Speaking of the Hammer, Lorrie Moore and Madame Mona were good, not great. Simpson was not annoying, except in that coy and cloying way she has of speaking as if she's letting the audience in on a very special secret. She mentioned a successful writer she and Lorrie met when they were all together at Yaddo 24 years ago who was in love with Lorrie, but then she wouldn't tell us his name.
Lorrie Moore was, as you can imagine, warm and occasionally funny and very much a woman from Wisconsin - in the best possible way. She read from a novel which has been in progress for a long time and the short story, The Juniper Tree, which was in The New Yorker a month ago or so. Not my favorite story. I didn't like it when I read it in The New Yorker and I liked it no better in her voice. She called it a "ghost story" and said it was a departure for her, but it was not a trip in the right direction. Supposedly it was about sexual jealousy and mutilation, but it never got there for me. The novel, on the other hand, was wonderful and she stopped just when we wanted to hear more. I look forward to it whenever it arrives.

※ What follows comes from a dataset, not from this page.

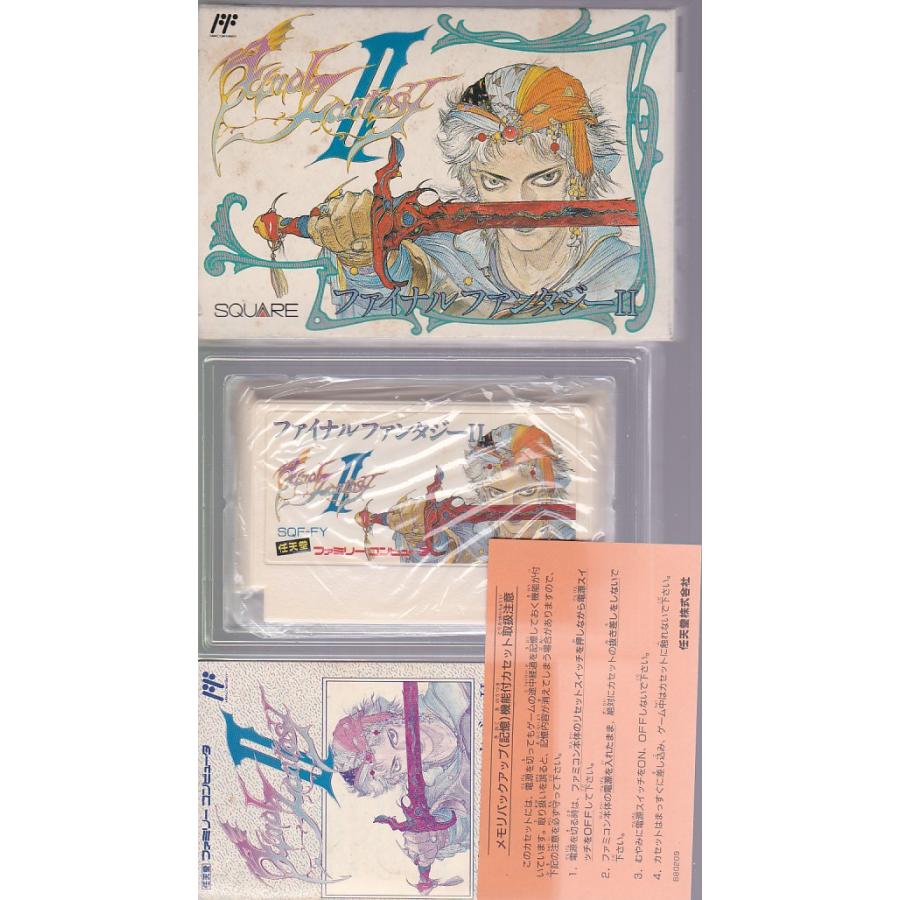 ☆FC ファミコン FF2 ファイナルファンタジー2 (箱・説明書付) *SQUARE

Moore did say the story came from a dream she had of a dead friend -- and then she said "when you're writing a story, you're writing a dream you never had." Lovely. She also said she works very slowly, very -- one story a year. It was a good reminder to the writers in the audience to take our time.
The biggest problems were the two women's soft, monotone voices, the warmth of the room, the very dim lights, and the long drive to the Hammer through Friday traffic. I looked around. A lot of people were sleeping. Moore and Simpson needed some modulation and an occasional look at the audience to keep us awake. I thought the evening more interesting than the Academy Awards, but it was, in many ways, the same safe, sedate, soporific event.
Wondering what "very much a woman from Wisconsin - in the best possible way" means? The compliment, if indeed, it is a compliment, seems a bit oblique. Living in Minnesota near the Wisconsin border I'm curious what trait(s) this refers to.
Also I agreed that the short story, The Juniper Tree, in the NYer was nothing special,
Posted by: Old Salt | February 28, 2005 at 12:47 PM
I, too agree that The Juniper Tree wasn't all that great. I think she can write far better than that. I'm glad to know that the nodding off and light snoring is synonymous with the HAMMER and not Lorrie Moore. When I saw Percival Everett there a while back, there were a few doing the same. I always wonder how that's remotely possible, but then, maybe the authors there are just hypnotic . . .
I can't wait for the novel. I love Birds of America.